G.R. No. 157603, June 23, 2005

Facts:

Petitioner Nueva Ecija Electric Cooperative (NEECO) II employed private respondent Eduardo M. Cairlan
in 1978 as driver and was assigned at petitioner's Sub-Office at Quezon, Nueva Ecija.

On 15 January 1996, Danilo dela Cruz, petitioner's General Manager, terminated private respondent's
services on ground of abandonment. Immediately thereafter, private respondent talked with Mr. dela Cruz
regarding this matter and the latter promised him that the issue would be brought to the attention of
NEECO's Board of Directors for appropriate action. But nothing came out of Mr. dela Cruz's promise
prompting private respondent to institute a Complaint for illegal dismissal with prayer for reinstatement
and payment of back-wages since the NEECO's Board of Directors did not act upon his termination.
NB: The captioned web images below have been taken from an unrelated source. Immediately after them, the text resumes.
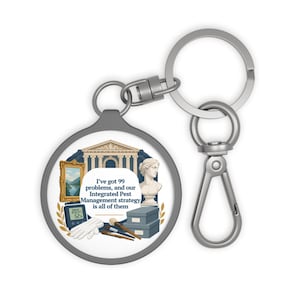 May include: A round metal keychain featuring a graphic with a classical building, a framed landscape painting, a bust, a digital hygrometer, white gloves, brushes, and storage boxes. The text reads: I've got 99 problems, and our Integrated Pest Management strategy is all of them.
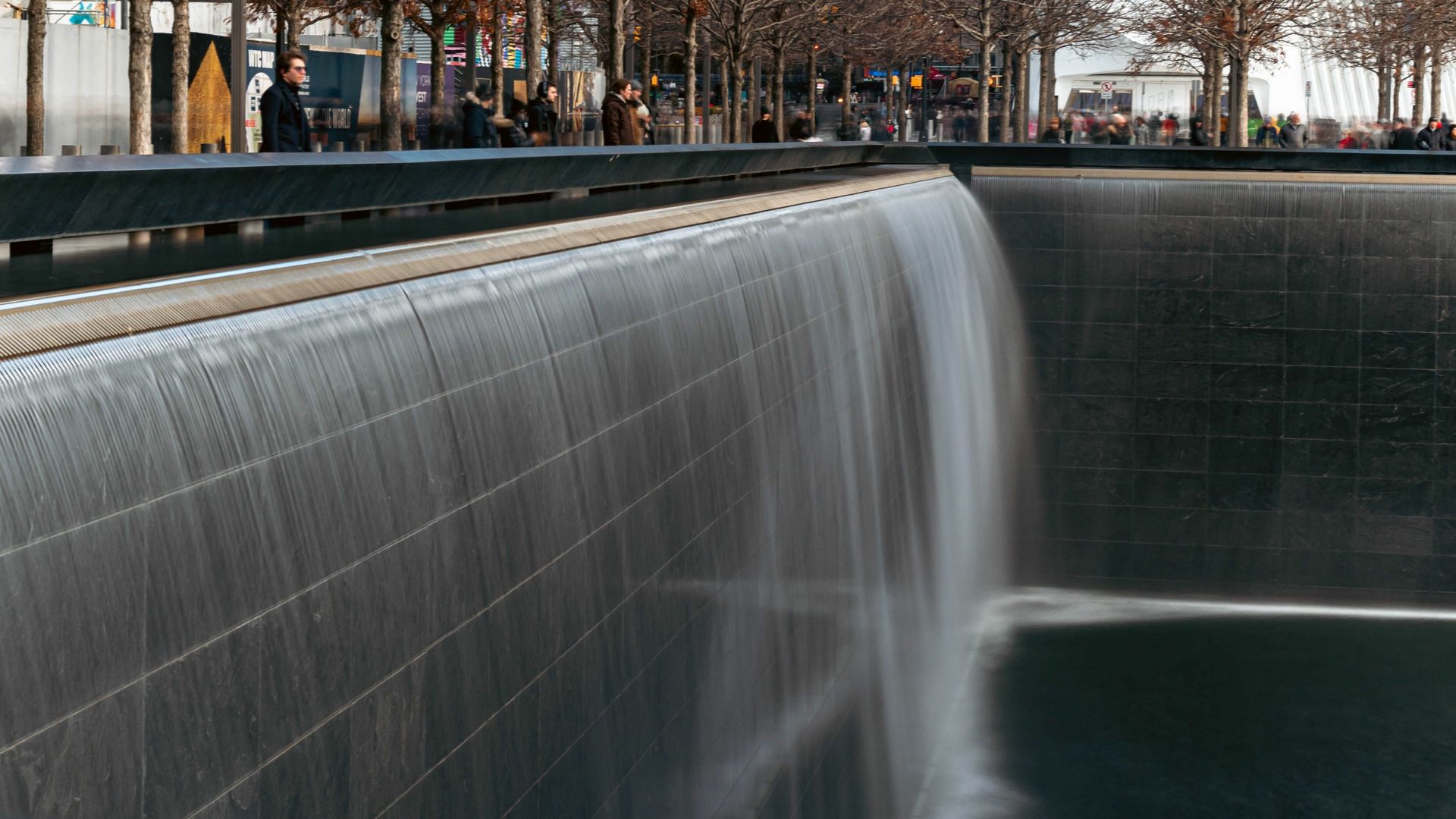 A waterfall is surrounded by a brick wall and people are walking around it.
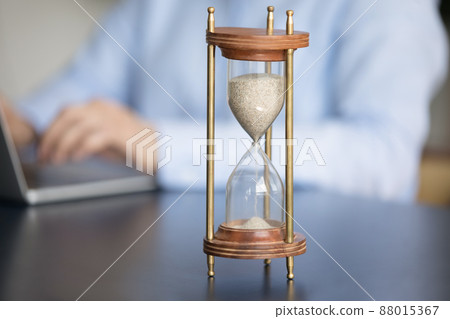 Closeup hourglass on table, businesswoman working on laptop on background Closeup hourglass on table, businesswoman working on laptop on background 88015367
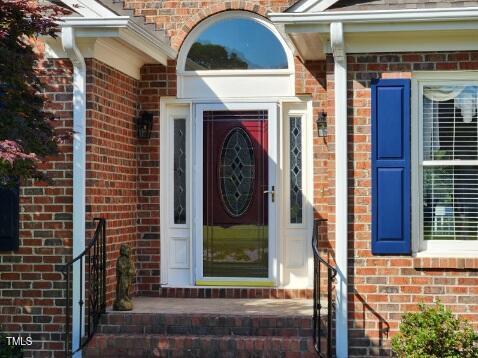 3409 Bennyfield Ct, Fuquay Varina, NC 27526 - property entrance featuring brick siding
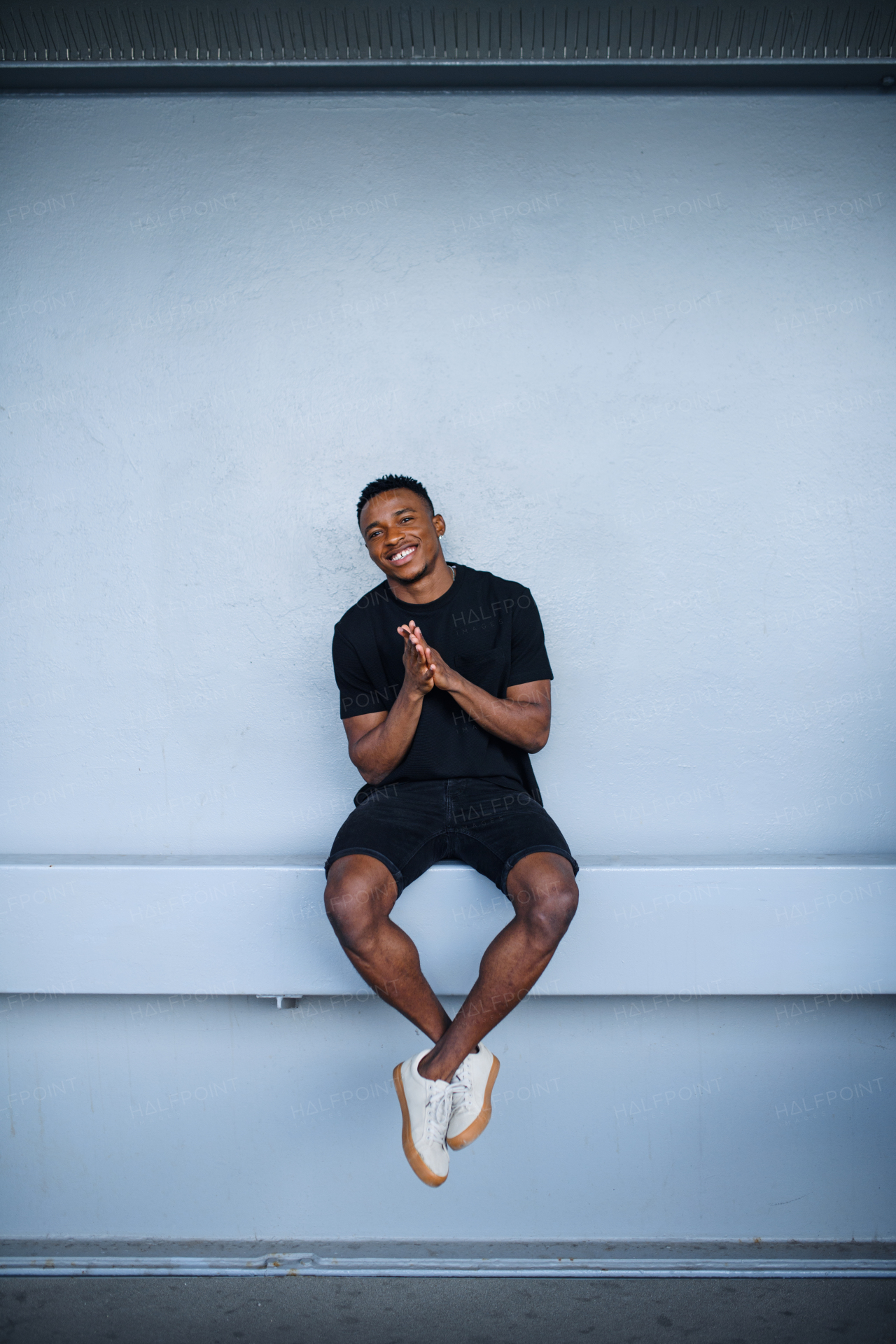 Cheerful young black man sitting against wall background, looking at camera.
In its Position Paper and Reply,  petitioner averred that the dismissal of private respondent was for a just
cause and after due process. Petitioner added that private respondent was hired sometime in September
1981 with the latest position as driver assigned at Quezon, Nueva Ecija. Petitioner staunchly asserted
that since Danilo dela Cruz assumed his office as the new General Manager on 01 March 1995, the latter
never saw private respondent report for work prompting the former to issue a memorandum dated 22
November 1995, which required private respondent to explain in writing why he was not reporting for duty.
Private respondent was likewise directed in the said memo to report to its main office at Calipahan,
Talavera, Nueva Ecija. For failure of the private respondent to comply with the said memorandum, Mr.
dela Cruz directed a certain "Mr. Marcelo" to conduct an investigation on the whereabouts of the
petitioner. It was then that NEECO II uncovered that private respondent was at that time already working
with the Provincial Government of Nueva Ecija as driver allegedly under an assumed name of "Eduardo
Caimay." For these reasons, petitioner contended that it was left with no other alternative but to terminate
private respondent's services.

On 27 August 1999, petitioner filed a motion to set case for trial on the merits. However, the
presiding Labor Arbiter Florentino R. Darlucio arrived at the decision after an evaluation of the evidence
on record that there was no necessity to conduct trial on the merits inasmuch as a just and fair decision
can be arrived at based on the pleadings. Hence, petitioner's motion to set case for trial was denied.

Issue:

1. Whether or not petitioner was accorded due process; and


2. Whether or not petitioner is guilty of illegally dismissing private respondent.

Ruling:

Issue No. 1

In the present case, a scrupulous study of the records reveals that the Labor Arbiter did not abuse his
discretion conferred upon him by the Rules in not conducting a formal hearing. On this, the findings of the
Court of Appeals, consistent with that of the NLRC and the Labor Arbiter, ought to be sustained.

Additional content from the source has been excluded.